The pandemic has highlighted the need for public-private insurance schemes that are more widely accessible.
Risk transfer tools have played a limited role in the pandemic, reflecting the fact that pandemics are too costly – to insurers and their customers.
Carolyn Kousky, in her essay, “Catastrophic Risk Transfer in a Post-Pandemic World,” points out that there are lessons that can be learned from the risk transfer successes that have taken place during the pandemic.
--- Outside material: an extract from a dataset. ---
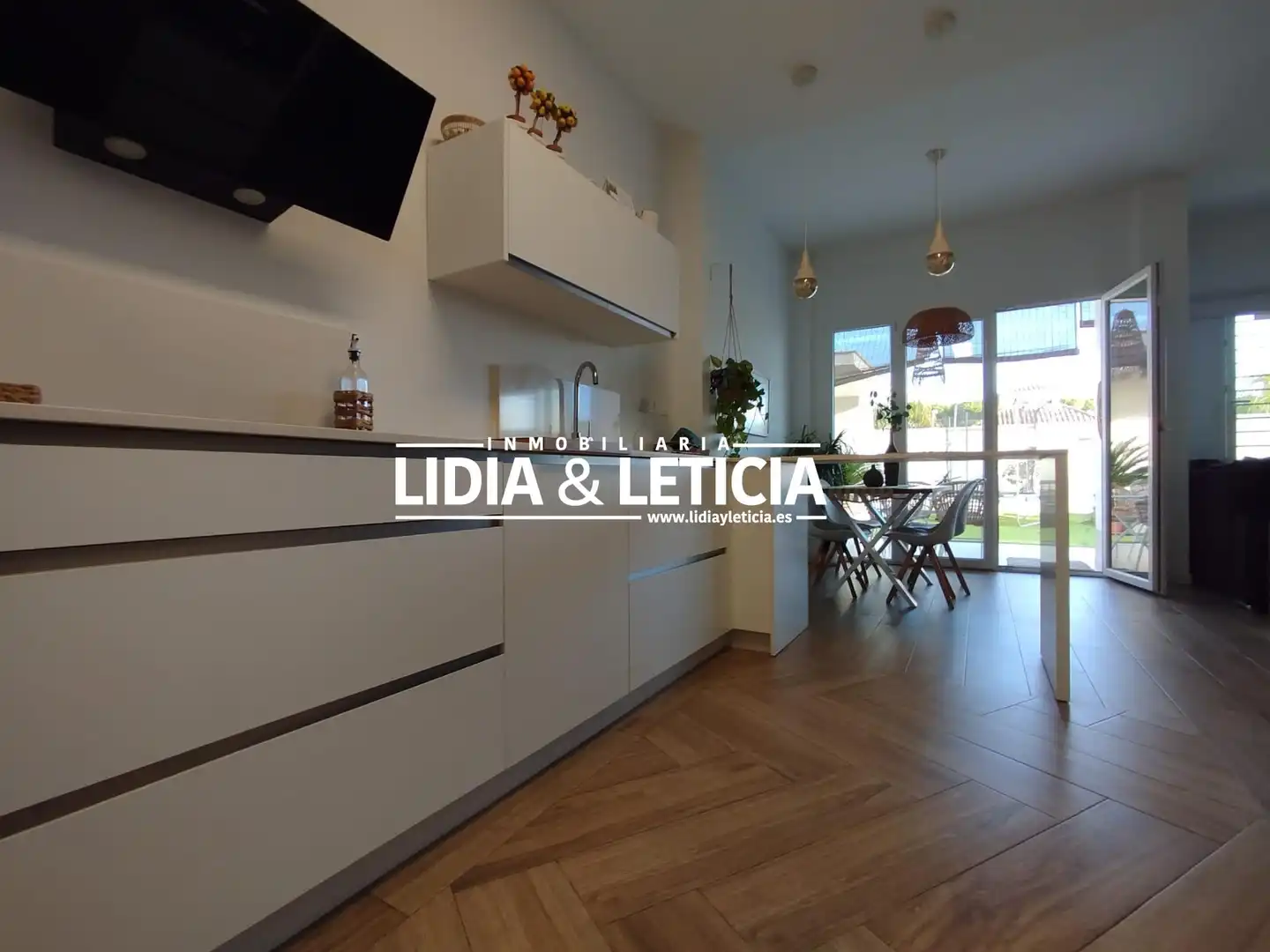 Kitchen of Houses for sale in Alcalá de Guadaira  with Air Conditioner, Private garden and Swimming Pool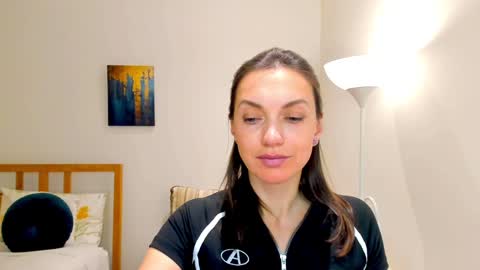 Mia online show from December 20, 9:39 pm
The first of these is that a public backstop for losses that stress the insurance industry can be designed to facilitate private risk transfer for lower levels of losses and lead to more comprehensive coverage.
Second, parametric insurance can be effectively tailored to cover certain types of losses and for larger entities with the ability-to-pay for additional coverage.
Third, lower-income countries need additional assistance for catastrophe response and recovery. Sovereign-level insurance may be the best structure and could be expanded to include more localized public-health disasters.
As Kousky points out, however, the future is never an exact copy of the past. Thinking beyond this current virus is necessary to develop systems that can provide effective responses for the spectrum of future threats.
It will be necessary to harness the strengths of the public and private sectors to allow private risk transfer within its capabilities, and provision of public support for the private sector’s two key limitations: covering catastrophic levels of correlated losses and protecting the most vulnerable who cannot afford private protection.